*** Opening Material for the task ***

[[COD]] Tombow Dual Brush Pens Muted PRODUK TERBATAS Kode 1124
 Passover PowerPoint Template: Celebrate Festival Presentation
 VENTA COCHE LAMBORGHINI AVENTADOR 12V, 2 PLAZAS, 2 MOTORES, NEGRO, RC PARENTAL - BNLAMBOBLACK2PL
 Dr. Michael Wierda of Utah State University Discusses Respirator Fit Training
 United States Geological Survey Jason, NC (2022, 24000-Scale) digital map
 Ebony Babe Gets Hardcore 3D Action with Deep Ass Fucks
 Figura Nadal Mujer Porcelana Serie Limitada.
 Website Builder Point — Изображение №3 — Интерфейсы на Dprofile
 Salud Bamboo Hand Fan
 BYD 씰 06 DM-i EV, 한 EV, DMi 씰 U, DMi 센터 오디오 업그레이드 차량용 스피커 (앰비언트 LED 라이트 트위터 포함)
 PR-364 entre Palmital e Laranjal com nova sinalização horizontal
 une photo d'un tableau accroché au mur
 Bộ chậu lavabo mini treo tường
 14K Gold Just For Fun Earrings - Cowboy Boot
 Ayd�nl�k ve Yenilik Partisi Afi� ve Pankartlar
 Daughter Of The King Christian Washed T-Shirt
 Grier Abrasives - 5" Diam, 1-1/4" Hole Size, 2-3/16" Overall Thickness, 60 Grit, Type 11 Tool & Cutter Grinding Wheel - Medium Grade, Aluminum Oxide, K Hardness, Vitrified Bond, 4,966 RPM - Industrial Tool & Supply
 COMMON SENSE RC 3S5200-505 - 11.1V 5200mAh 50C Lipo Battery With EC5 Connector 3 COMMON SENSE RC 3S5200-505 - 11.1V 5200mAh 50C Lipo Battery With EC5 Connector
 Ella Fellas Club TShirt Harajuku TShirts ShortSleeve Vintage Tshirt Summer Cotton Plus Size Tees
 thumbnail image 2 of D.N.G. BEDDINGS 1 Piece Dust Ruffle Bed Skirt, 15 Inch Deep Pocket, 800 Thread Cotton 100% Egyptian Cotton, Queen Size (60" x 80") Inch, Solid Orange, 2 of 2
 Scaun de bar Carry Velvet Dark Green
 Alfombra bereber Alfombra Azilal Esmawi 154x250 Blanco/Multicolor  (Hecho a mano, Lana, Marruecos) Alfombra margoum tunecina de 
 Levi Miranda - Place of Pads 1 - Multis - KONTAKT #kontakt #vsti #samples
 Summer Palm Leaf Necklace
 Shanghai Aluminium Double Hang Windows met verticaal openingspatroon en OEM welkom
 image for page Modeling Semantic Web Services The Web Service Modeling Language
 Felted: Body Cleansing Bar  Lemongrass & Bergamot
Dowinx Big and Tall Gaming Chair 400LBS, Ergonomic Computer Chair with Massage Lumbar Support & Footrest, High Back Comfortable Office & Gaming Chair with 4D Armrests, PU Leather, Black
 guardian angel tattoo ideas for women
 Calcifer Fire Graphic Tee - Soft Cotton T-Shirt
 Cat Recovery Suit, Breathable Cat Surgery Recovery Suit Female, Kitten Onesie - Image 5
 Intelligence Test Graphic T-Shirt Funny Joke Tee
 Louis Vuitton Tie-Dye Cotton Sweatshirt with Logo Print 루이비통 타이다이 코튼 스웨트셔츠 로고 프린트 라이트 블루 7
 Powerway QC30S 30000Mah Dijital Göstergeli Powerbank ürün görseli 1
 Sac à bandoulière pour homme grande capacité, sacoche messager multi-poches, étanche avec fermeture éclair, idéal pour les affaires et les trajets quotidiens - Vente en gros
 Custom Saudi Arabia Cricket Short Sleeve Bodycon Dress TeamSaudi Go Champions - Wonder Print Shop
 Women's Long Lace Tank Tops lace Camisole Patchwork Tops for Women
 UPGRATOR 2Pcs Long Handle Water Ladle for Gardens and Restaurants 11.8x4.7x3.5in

*** Closing Material for the task ***

• **What is required**
From the entries above, extract only the lines running from the one containing "Intelligence Test Graphic" through the one containing "Sac à bandoulière", inclusive.

• **Written answer**
 Intelligence Test Graphic T-Shirt Funny Joke Tee
 Louis Vuitton Tie-Dye Cotton Sweatshirt with Logo Print 루이비통 타이다이 코튼 스웨트셔츠 로고 프린트 라이트 블루 7
 Powerway QC30S 30000Mah Dijital Göstergeli Powerbank ürün görseli 1
 Sac à bandoulière pour homme grande capacité, sacoche messager multi-poches, étanche avec fermeture éclair, idéal pour les affaires et les trajets quotidiens - Vente en gros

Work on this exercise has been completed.